Metadata-Version: 2.2
Name: ncreview_plus
Version: 0.0.post1.dev14
Summary: A tool to compare and/or summarize netCDF files
Author-email: Gabriel Gibler <gabriel.gibler@pnnl.gov>, Sherman Beus <sherman.beus@pnnl.gov>, Thomas Powell <thomas.powell@pnnl.gov>
License: MIT
Requires-Python: >=3.9
Description-Content-Type: text/markdown
Requires-Dist: netCDF4
Requires-Dist: numpy==1.26
Requires-Dist: urllib3
Requires-Dist: act-atmos
Requires-Dist: matplotlib

# Guide to ncreview

`ncreview` is a tool which allows users to produce interactive web-based comparisons between datastreams or summaries of a single datastream, providing information on netCDF data and metadata. The metadata part of the review is produced in a non-lossy way which preserves all metadata information present throughout each datastream. Numerical data is summarized with statistics like min, max, mean, n_missing, etc. for a summary interval which can be specified by the user at the command line.

## Setup
To use ncreview normally on the ARM servers, there are a few modifications you need to make to your enviornment.
Set the following enviornment variables in your profile:
 - `PATH` to `/apps/ds/bin:$PATH`
 - `PYTHONPATH` to `/apps/ds/lib`

## Installation

    git clone https://code.arm.gov/tpowell/ncreview-wind-data-hub.git
    cd ncreview-wind-data-hub
    ./build.sh --prefix=[install directory]

## Command Line Interface

The reports are created through the `ncreview` command line interface, and deposited at a URL to be opened in a browser. Usage help can be found by typing `ncreview --help`.
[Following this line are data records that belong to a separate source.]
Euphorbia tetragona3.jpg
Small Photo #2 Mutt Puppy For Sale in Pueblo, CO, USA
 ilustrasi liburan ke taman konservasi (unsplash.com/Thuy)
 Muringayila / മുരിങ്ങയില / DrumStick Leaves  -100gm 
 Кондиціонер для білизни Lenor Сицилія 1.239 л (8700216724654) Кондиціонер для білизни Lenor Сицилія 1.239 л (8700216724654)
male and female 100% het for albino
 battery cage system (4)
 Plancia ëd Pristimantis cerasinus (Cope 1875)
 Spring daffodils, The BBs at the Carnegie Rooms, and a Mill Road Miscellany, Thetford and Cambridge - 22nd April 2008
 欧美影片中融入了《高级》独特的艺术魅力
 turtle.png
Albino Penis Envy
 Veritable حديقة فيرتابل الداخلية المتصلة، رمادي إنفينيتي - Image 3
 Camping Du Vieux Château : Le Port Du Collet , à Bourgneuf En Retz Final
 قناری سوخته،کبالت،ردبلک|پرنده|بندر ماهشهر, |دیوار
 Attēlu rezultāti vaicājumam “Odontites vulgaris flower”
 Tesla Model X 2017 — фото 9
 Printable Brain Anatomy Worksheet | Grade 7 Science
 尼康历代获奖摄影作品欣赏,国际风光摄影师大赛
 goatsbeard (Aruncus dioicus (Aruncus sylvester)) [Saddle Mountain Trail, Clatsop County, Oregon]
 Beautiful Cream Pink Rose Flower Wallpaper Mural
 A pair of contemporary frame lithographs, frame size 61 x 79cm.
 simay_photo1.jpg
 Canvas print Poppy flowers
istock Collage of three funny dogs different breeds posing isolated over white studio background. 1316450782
Example call, 1 datastream: 

    ncreview -n qcradSGP_C1_all -t 01-00-00 .
In this example the output URL will have the name "qcradSGP_C1_all" appended at the end of the link.  The time averaging will be 1 hour, and it will plot all the data in the working directory since there are no start and end date arguments (In this case pwd is /data/archive/sgp/sgpqcrad1longC1.c2).

## Web Report

The web-based report is laid out in a hierarchical structure of nested expandable elements, which, for comparisons, are color-coded to indicate the difference in the data they contain. As described in the expandable legend in the upper-right hand corner, throughout the report blue is used to indicate that data has changed, red is used to indicate that data was in the old report but is not in the new (removed), and green means that data is in the new report but not the old one (added).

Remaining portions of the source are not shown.